1)I have a table with chained rows. But the table contains a LONG column. How to solve this problem? Because if there is a LONG Column, we cannot create temporary table to hold the chained rows (as the create temp as select from the chained table fails). How to remove chanined rows in case of a table having LONG columns??
2)How can I modify the storage parameter PCT_FREE for a table. I am getting the following error:
Originally posted by nabaig alter table temp (pctfree 20);
(We aould appreciate it if once in a while, people check out the documentation also) Oracle's the best dcumentation I have come across.
Prefectly agree. Specially this one I could have solved by looking into the documentation.
What abt the first question??? I have seen several docs. All docs (including Oracle doc) say only one thing: Chaining is "often" unavoidable for tables having LONG columns. Period. No more explanation.
What does this mean??? Are there any work arounds? The word "often" only sugessts that there are possible solutions in some cases. What are those cases and how to solve them? If you or anyone can get the info from Oracle documentation I would really appreciate.
P.S: I am facing this a real time problem here. I need to fix it as soon as possible.

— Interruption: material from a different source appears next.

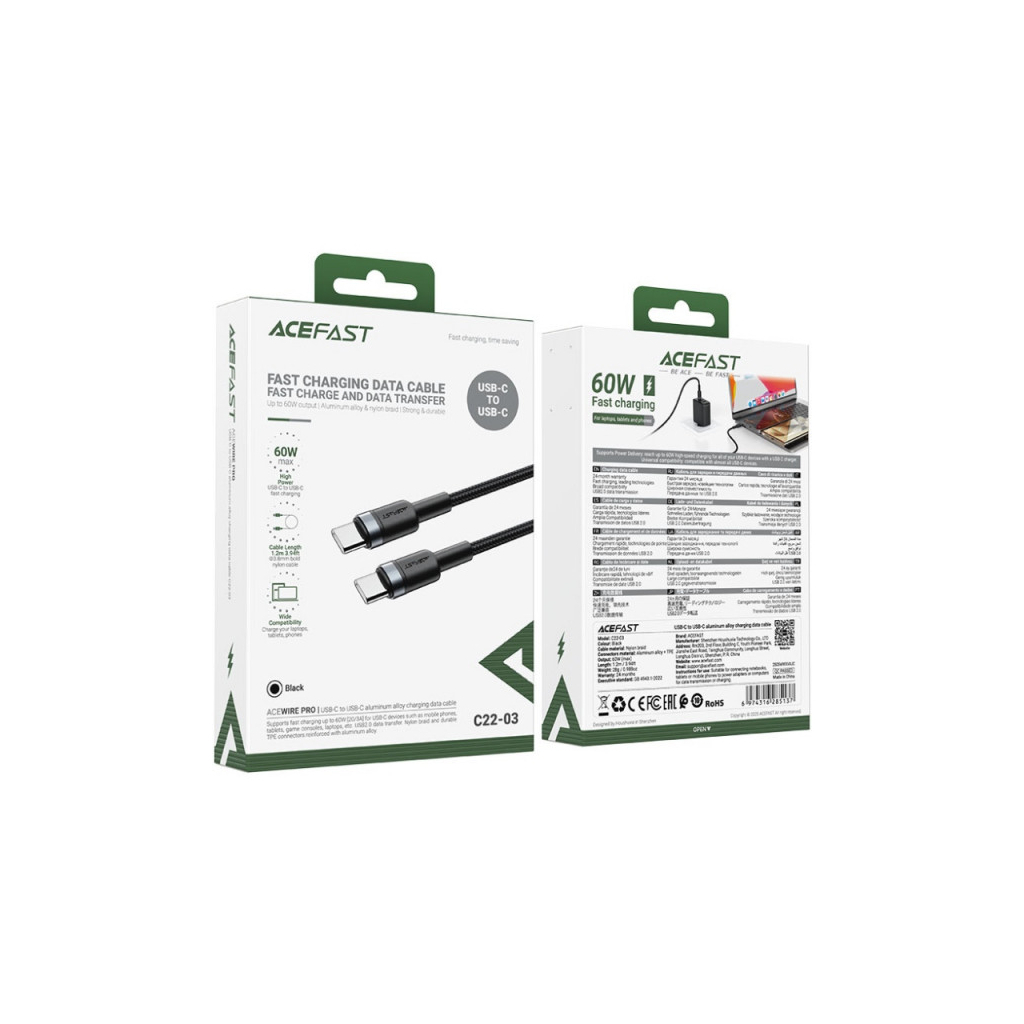 Дата кабель USB-C to USB-C 1.2m 60W black Acefast (6974316285137) - зображення 4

You can use COPY command to create temporary table to hold your chained rows, this command works, even your table contains LONG column. Since your problem is creating temporary table it can be resolved through COPY command, I hope you know better than me to solve your chained rows problem.
Depending of the size of your long datatype, there often is really not possible to solve this problem, it is very clear. It is not a large backdraw, in fact. Oracle accepted this.
Do you have a real problem, like a performance one, based only on this issue, or the problem is the chained rows themselves? If they are not really bothering you, let them alone!
In case you really need to repair this, try export the table data, re-create the table with some storage parameters that fit your needs, then load the data.
If is not possible to drop and re-create the table, then is nothing to do.
My oppinion. Bye!
If, as Ovidius already said, you have a real problem with chained row you could try to use a larger block size for this table. This is possible by using the mutiple block size feature (which is only available since Oracle9i).
To do this you would have to create a new tablespace with a large block size (32k). Then move your table to the newly created tablespace (alter table move). Depending on how big your long data are this should reduce/elimate the row chaining. But I have to admit that I have no idea if this way of reducing the chaining will realy help you.
If you want to understand why "chaining is often unavoidable for tables having LONG columns" I recommand you to have a look at http://otn.oracle.com/docs/products/...schem.htm#2763
where it is written that:
...if all of a row's data cannot be inserted into a single data block ... Oracle stores the row using multiple row pieces. ... When Oracle must store a row in more than one row piece, it is chained across multiple blocks.
I always try to avoid LONG columns.
When i need them, I prefer creating a separate table to store LONG field.eg. LONG_TABLE( LONG_ID number, LONG_FIELD LONG ) In the table to which the LONG_FIELD belongs, I just put the LONG_ID. ( can be filled using a sequence )
This will cause the original table to be much smaller.
Only when we need the data from the LONG field, you need to do an extra select on LONG_TABLE using the LONG_ID found in your record.